From your argument, you should not. Why are the protons smart enough to obey Coulombs law? In fact why does any artifact of nature obey physical laws? I think a better way of phrasing it would to say, why do OUR models of the natural world characterize these systems so well? As you can see, these questions quickly digress, but I hope you see my point.

The resistance of a nearly uniform current density inside a conductor can be modeled as:

$$R = \frac{\rho L}{A}$$
Where A is the cross section of the conductor, L is the length of the conductor, and $\rho$ is the resistivity.

Notice the dependence on cross section though. When you increase the cross section, you decrease the resistance.
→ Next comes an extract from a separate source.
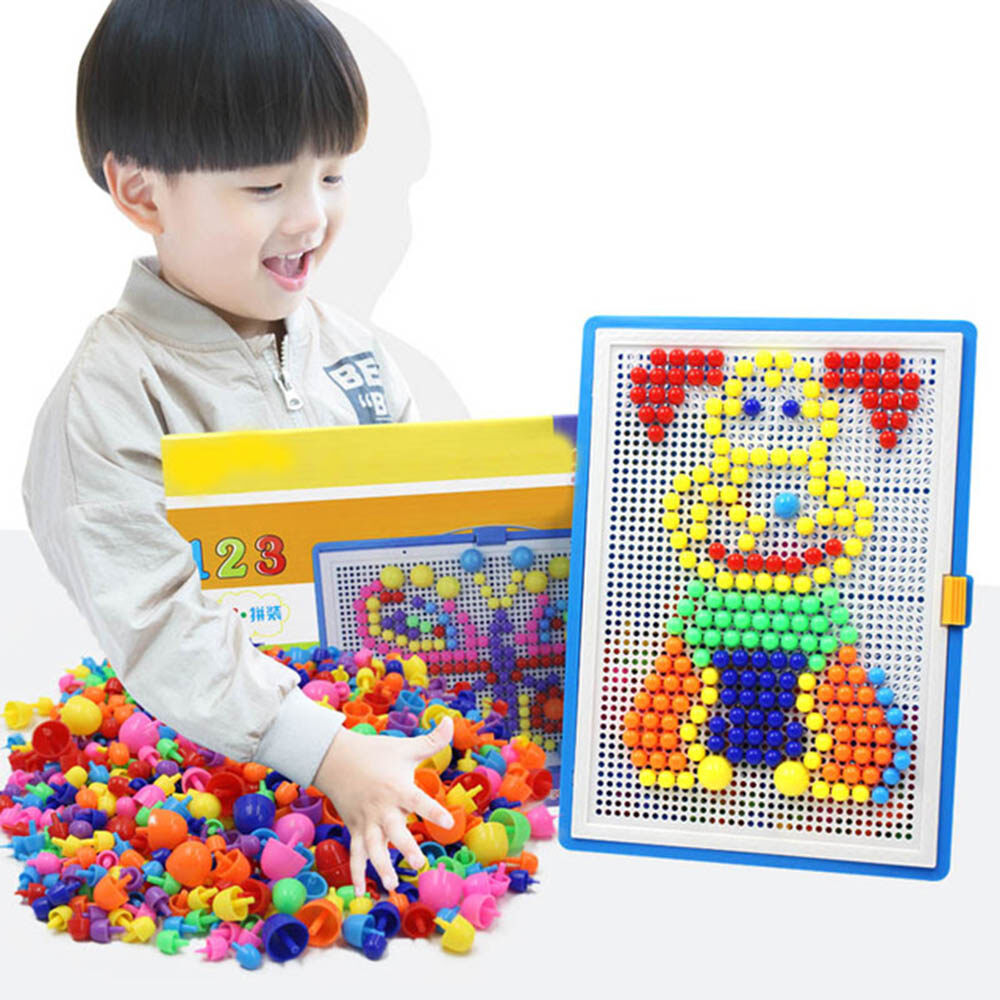 DIY Kids Gift Creative Puzzle Toy Mosaic Picture Peg Board Mushroom Nail Kit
About the water analogy. You MUST remember that this is a CLOSED system! You can add all these pipes to our imaginary system, but in the end they all connect to one point, and end at one point (since they are in parallel). So when thinking of a potential difference, it is the the potential difference across the top and bottom of all the pipes.

19. Jul 8, 2007

### truewt

Thanks Frogpad. I get where you're going.

Talking about the two protons analogy you gave, coulombs' law is a hypothesis proven theory later on for an observation made? What about this parallel circuit issue? Was the 'law' a hypothesis proven theory after an observation was made first?

I can't understand the explanation you gave for the water analogy. Right now I think i'm digressing the topic, because my mind is some sort thinking more deeply into the water system instead of the water pipe system as an analogy for the electrical system.

Because we know water pressure is dependent on the speed of the water, and the speed of the water is dependent on the flow rate which in turn is dependent on the cross sectional area of the pipes.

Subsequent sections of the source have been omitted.